I don’t particularly recommend using this book slavishly as a textbook, going
through a page at a time.  As I wrote in earlier issues of GWS, there are better ways of
introducing children to numbers and their properties and operations than the ways
used in schools and in this book.  But if you want to know what the schools are doing,
or want to be sure from time to time that your children can do what they are doing in
schools, this book will help you do that.  In other words, it will do everything that a
correspondence course in arithmetic will do, and for much less money.

Though the book is too hard for beginning readers, most home-schooled
children of eight or older will be able to read it themselves, with perhaps an occasional
question.  I would recommend letting such children browse through the book in any
order they like.  I would guess that any confident children, working through the book as
a kind of challenge, would be able to cover all the material in a year and perhaps
much less.  (I’d like to hear about any such experiences.)

The beginning of the book is nice; the first three paragraphs:

From the very beginning of time man has been in need of a method of
expressing how many, whether it be sheep, plants, fish, etc.  At first man
needed only a few ways to express small quantities.  But as time went on, his
requirements increased and a system of numbers became essential.

Did you ever stop to wonder how the cave men indicated that they wanted or
needed one, two, or three items?  Judging from what we have observed among
uncivilized tribes in recent times, we know that they used parts of their bodies to
indicate quantities.  For example, they indicated the number one by pointing to
their noses, the number two by pointing to their eyes, and as time went on they
learned to use their fingers to express amounts up to ten.

When primitive men wanted to describe the number of sheep in a large herd,
they found it difficult to do so because they lacked a number system such as we
have today.  Their methods were simple but intelligent, since they had no
system for counting above ten.  As the flock passed by they placed one stone or
stick in a pile for each sheep as it passed.  The number of stones or sticks in the
pile then indicated the number of sheep in the flock.  This was inadequate since
there was no way of telling anyone else how large the flock was or for writing it
on paper.

The book was written in 1960, so it doesn’t contain any New Math (greater
than, less than, commutative property, etc.)  However, one of the many other
textbooks in this series is NEW MATH MADE SIMPLE.  We will be looking at that, and
some of the others, to see if they may be useful to parents.  Meanwhile, I strongly
recommend this one.

PHYSICS EXPERIMENTS FOR CHILDREN, by Muriel Mandell ($1.80 + post).
This is a book of simple physics experiments that can be done by children, using
materials that are either already in most homes or that are expensive and easy to get.
They are grouped under seven headings:  1) Matter: Air  2) Matter: Water  3)
Mechanical Energy and Machines  4) Heat  5) Sound  6) Light  7) Magnetism and
Electricity.  The experiments are clearly described and illustrated, and Ms.

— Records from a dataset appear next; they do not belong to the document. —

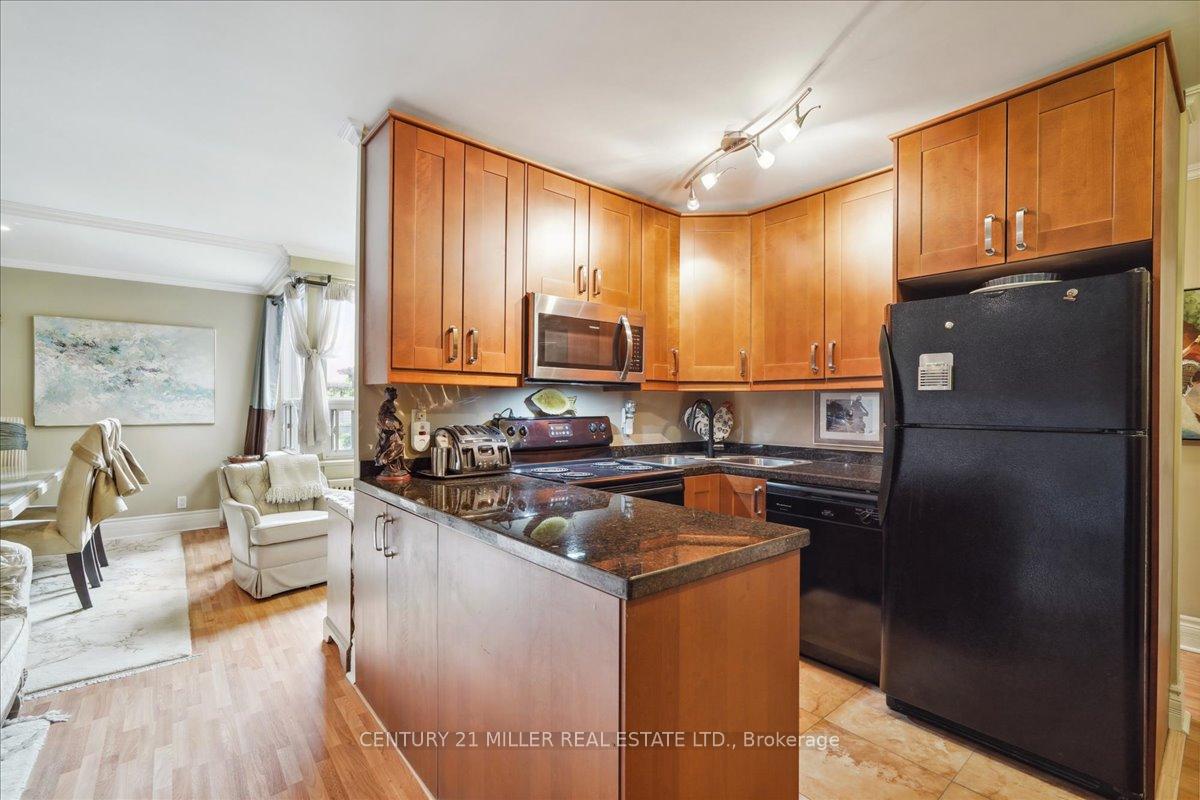 Photo 1 of Unit 103, 2550 Bathurst Street, Toronto, Forest Hill North — HOMEH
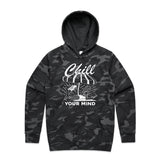 Black Camo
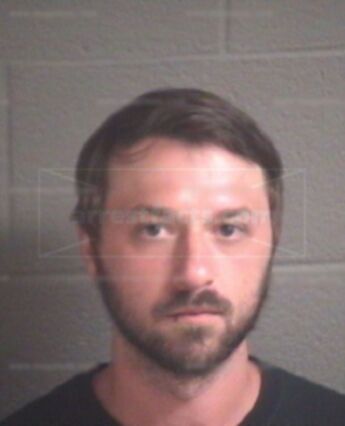 Bradley Ray White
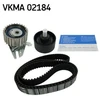 Image de Kit De Distribution Vkma 02184 Skf Skf Vkma02184 Alfa Romeo;Fiat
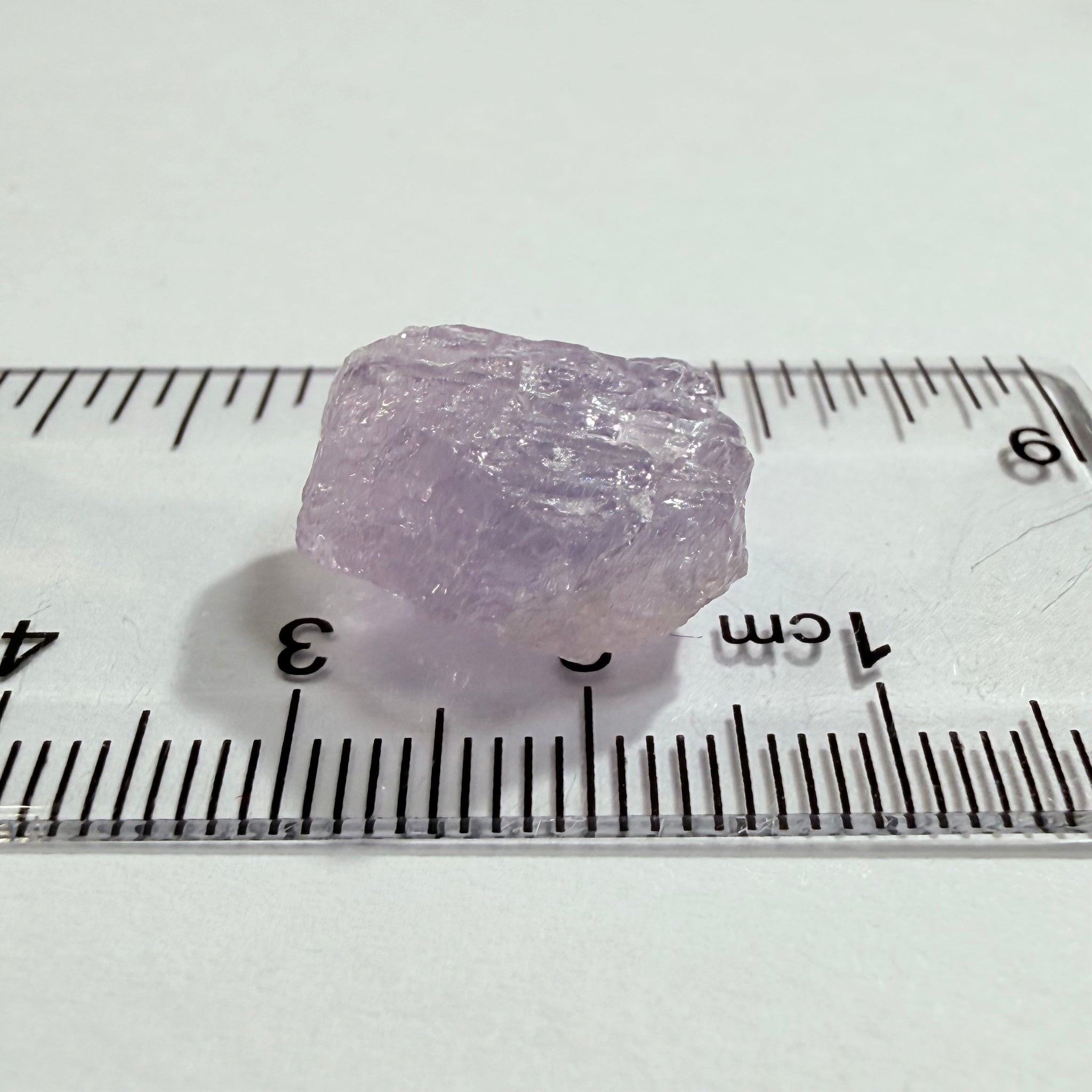 Umba Sapphire, 17.76ct, Umba, Tanzania, Untreated Unheated, set into jewellery as is, flattish shape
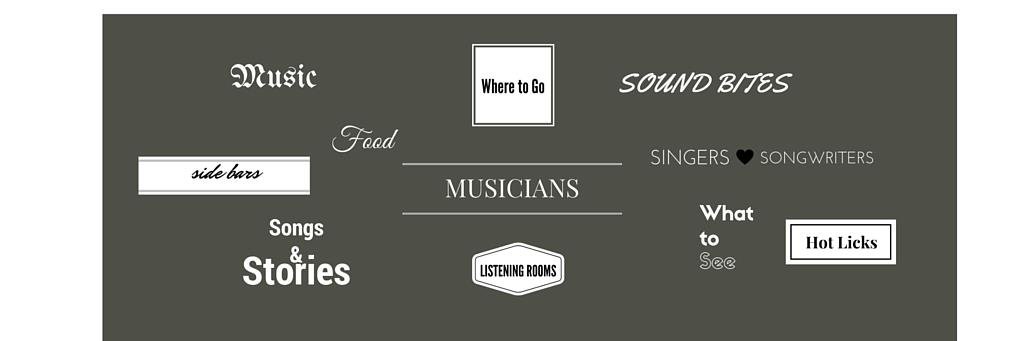 The Tune and Fork banner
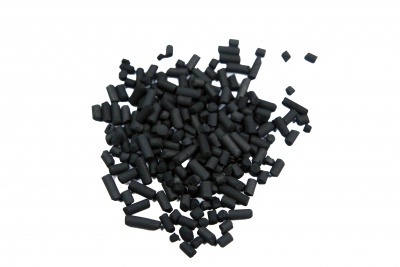 Material filtrant Aquarium Munster AQUAVITAL CARBON 500 ml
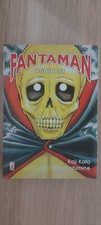 Fantaman ogon bat usato  Mugnano di Napoli
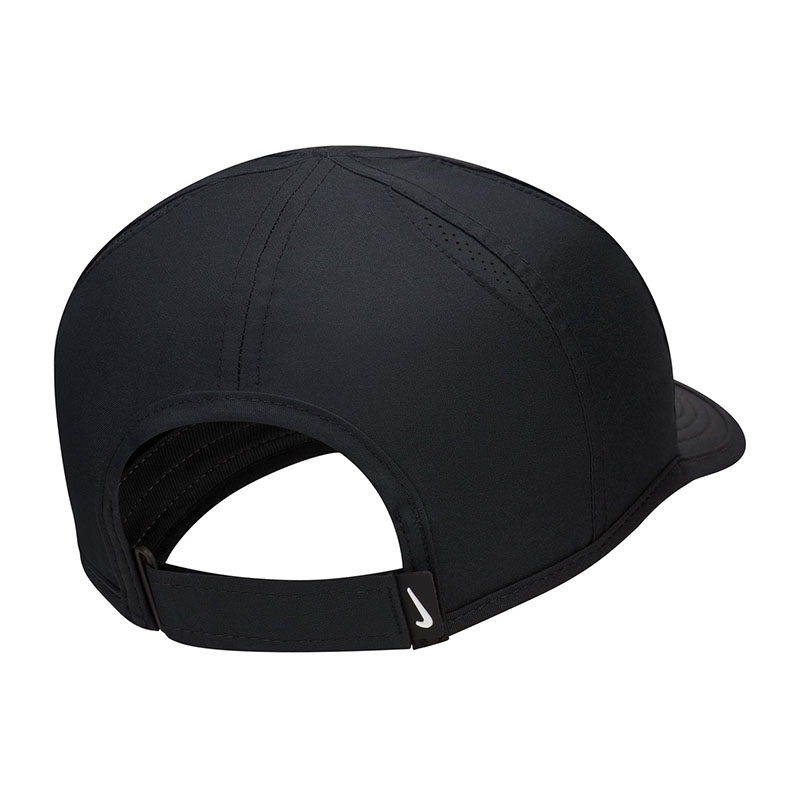 Nike DriFit Club Youth Tennis Hat Black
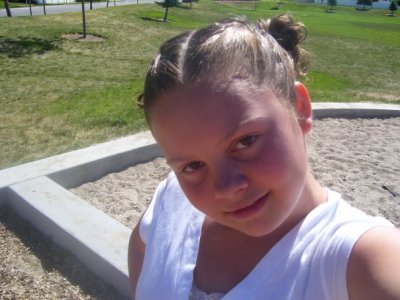 Sheyanne Smith
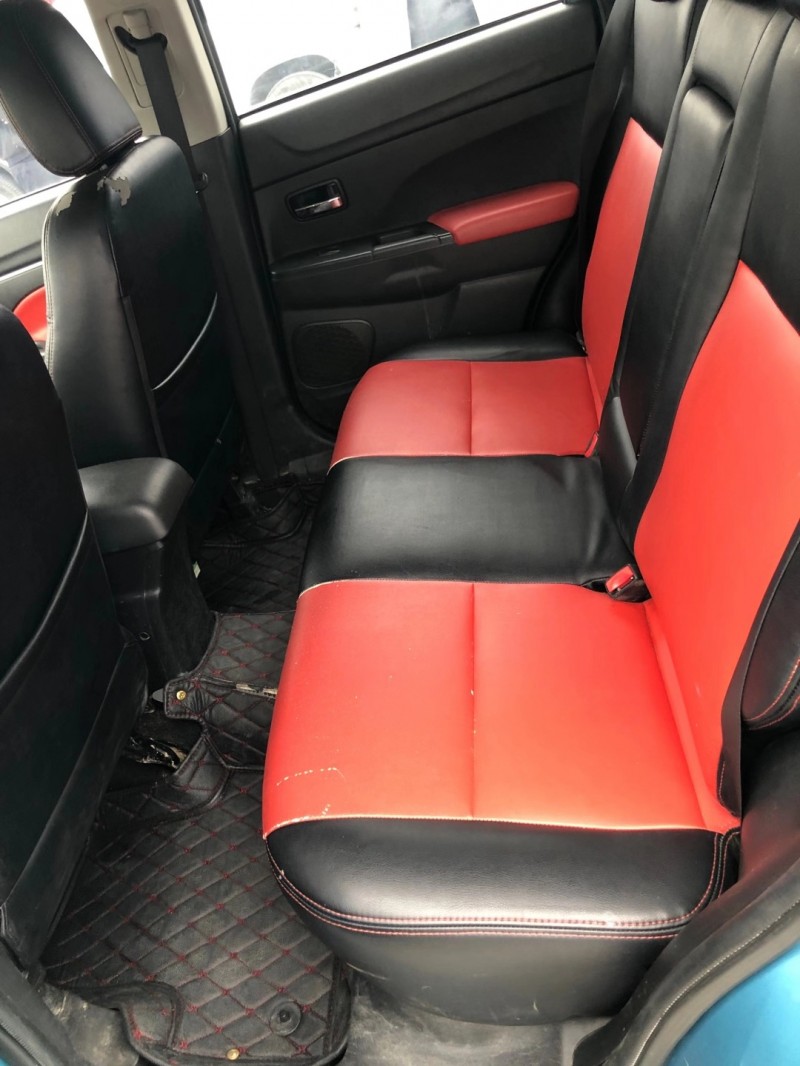 北京14年三菱劲炫2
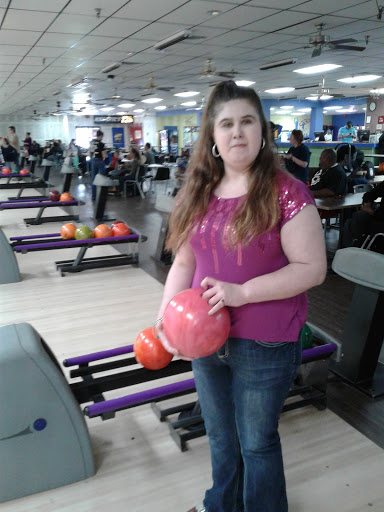 Bowling Alley «Allen Bowl», reviews and photos, 1011 S Greenville Ave, Allen, TX 75002, USA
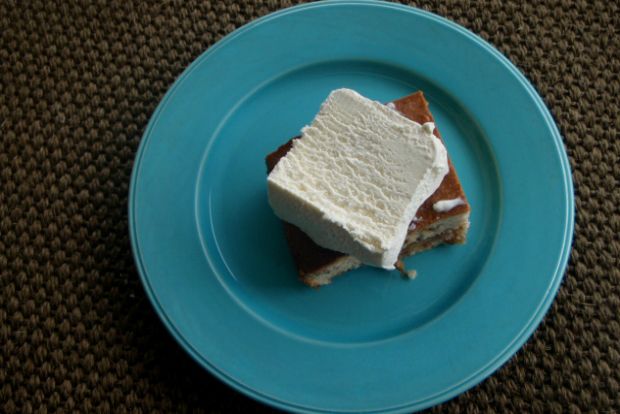 Η μηλόπιτα ειρηνεύει τις εντάσεις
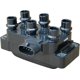 thumbnail image 1 of BOBINA SECA B3000 1995 al 2000 MAZDA 3.0L V6 INTRAN-FLOTAMEX ., 1 of 3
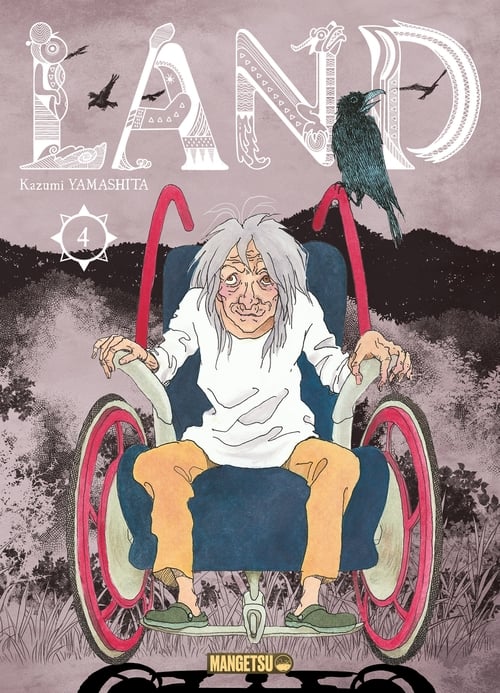 Land T04 - Cover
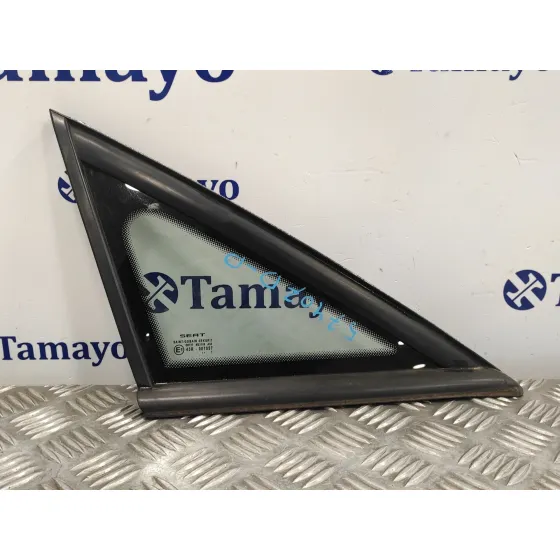 Luna Custodia Delantera Izquierda para Seat Altea Xl (5P5)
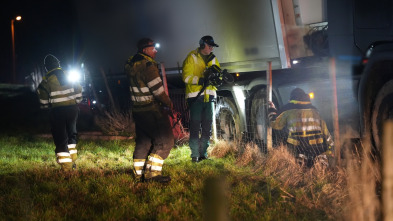 Imagen de Rescate extremo: El visitante - 1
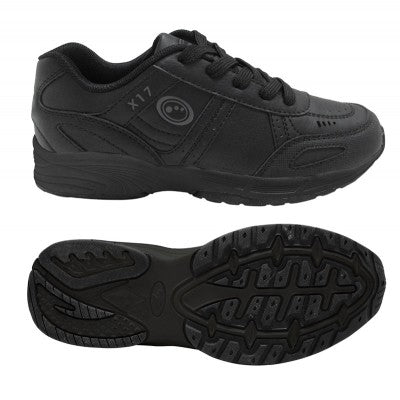 OPTIMUM OPTSTL School Lace Up Trainers - COOZO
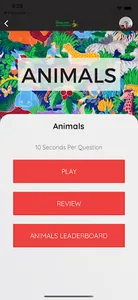 Sqilz - Product Knowledge Quiz screenshot 12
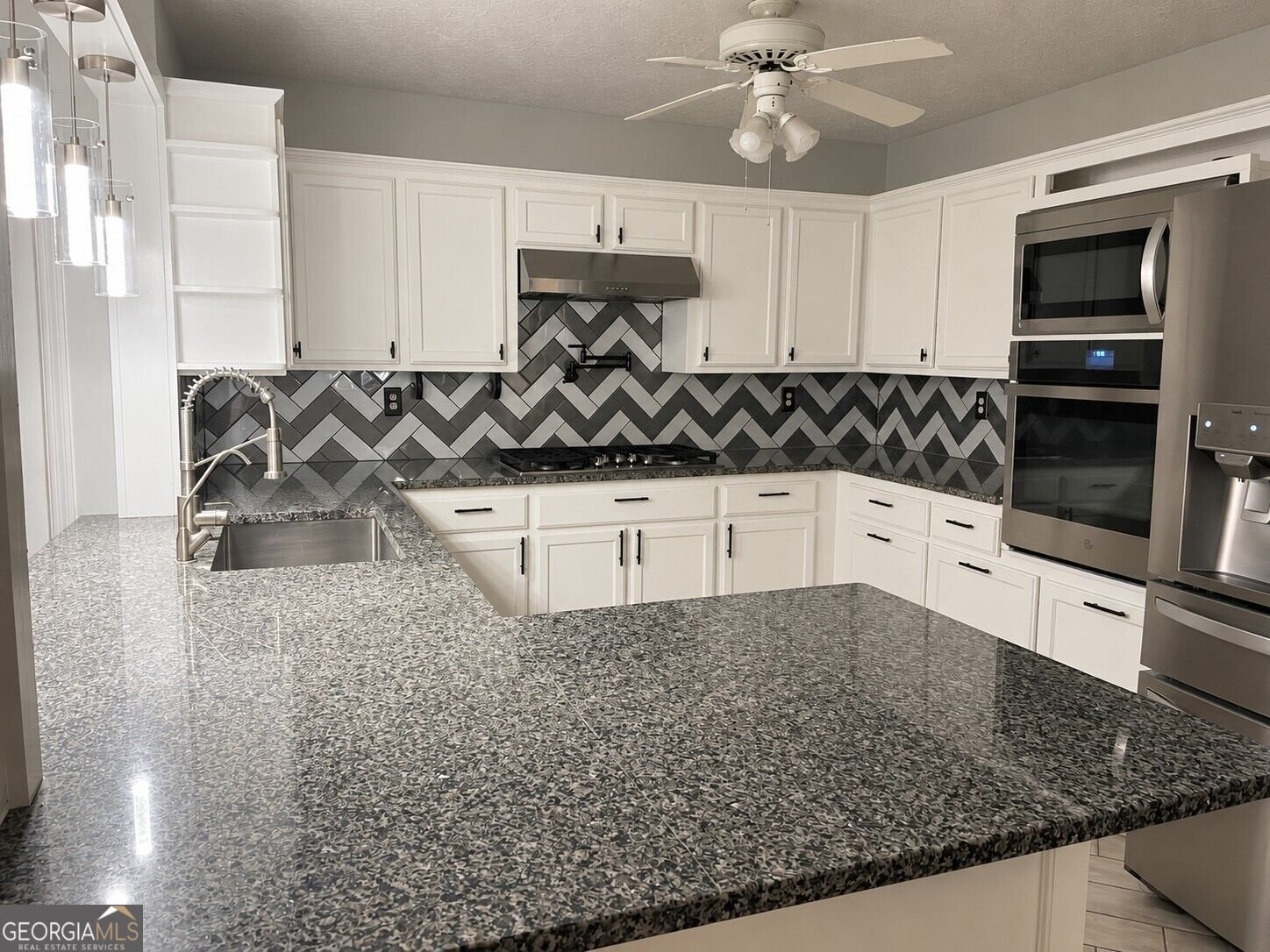 320 Cottonpatch Road Lawrenceville - Photo 7
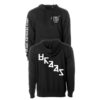 My Chemical Romance Merch Store Draag National Team (Alternate) Hoodie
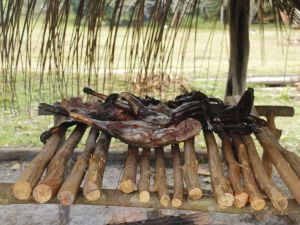 FESTA DO MOQUEADO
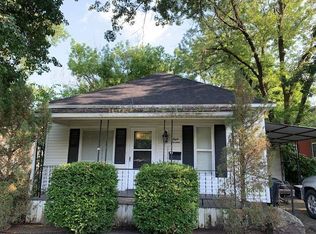 813 W 2nd St, Pittsburg, KS 66762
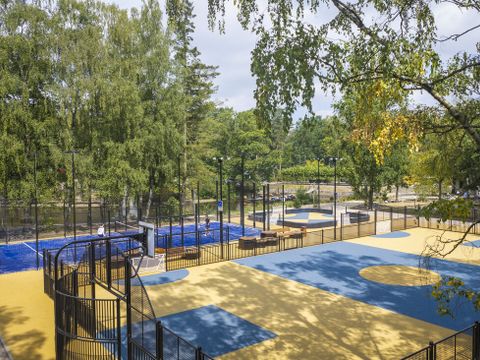 Landal Het Vennenbos - Camping Bladel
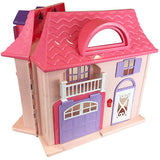 Boley Collapsible Doll House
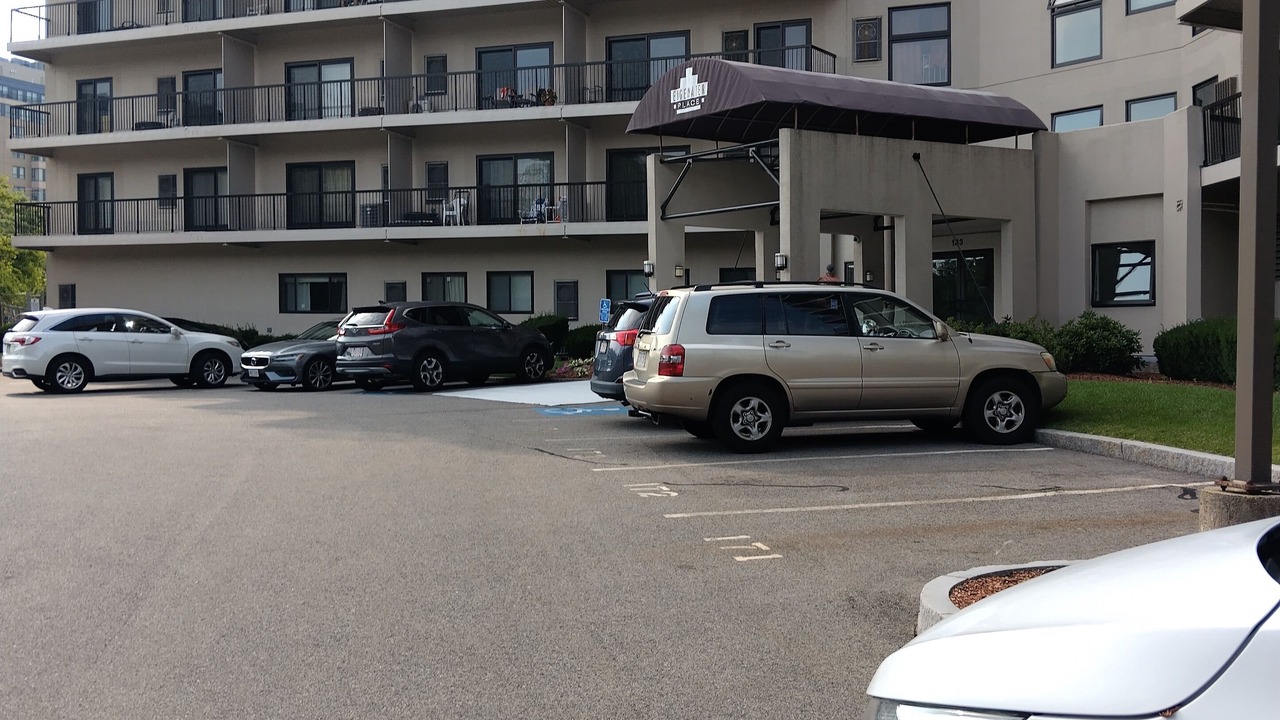 Photo of Outdoor in Quincy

Mandell’s
explanations of what happens are also clear.

Here is one of the simpler experiments:

How to Compress Air

Hold a glass with its mouth down and push it into a deep bowl of water.

You will see that:  The water enters the glass a little way.  No bubbles of air
escape.

Explanation:  The water forces the air into a smaller space.  The small
particles of air — the air molecules — are forced closer together, or compressed.
Releasing compressed air furnishes power, and many machines work on this
principle.

A useful little book.  It may help you and your children to think of other simple
physics experiments using things found at home.  If you do think of some, please let us
know.   We can put them in GWS, and someday we might have enough to publish
another collection of them.

OTHER NEW BOOKS HERE

HELEN KELLER, by Stewart and Polly Anne Graff (85¢ + post).  This book for
young children is about a child, blind and deaf from birth, without words to talk to
others or to understand their talk, and the teacher who gave her those words.  It is one
of the most exciting and inspiring stories in the whole history of the human race, and
the Graffs tell it simply and well.  Here they write about the great turning point in
Helen’s life.

Whatever they did Annie spelled letters into Helen’s hand.  When they petted
the cat Annie spelled C-A-T.  Helen quickly learned to imitate Annie’s fingers.
She could make the letters for C-A-K-E when she wanted a treat, and M-I-L-K
when she was thirsty.

Helen is like a clever little monkey, Annie wrote.  She has learned the
signs to ask for what she wants but she has no idea that she is spelling words.
. . .

One morning during her lesson Helen was especially bad.  She slammed
her new doll on the floor and broke it.  Annie was too tired to go on with the
lesson.  Her eyes ached.  She took Helen by the hand and led her outdoors.
They stopped at the pump for a drink.

Then something happened that changed Helen’s whole life.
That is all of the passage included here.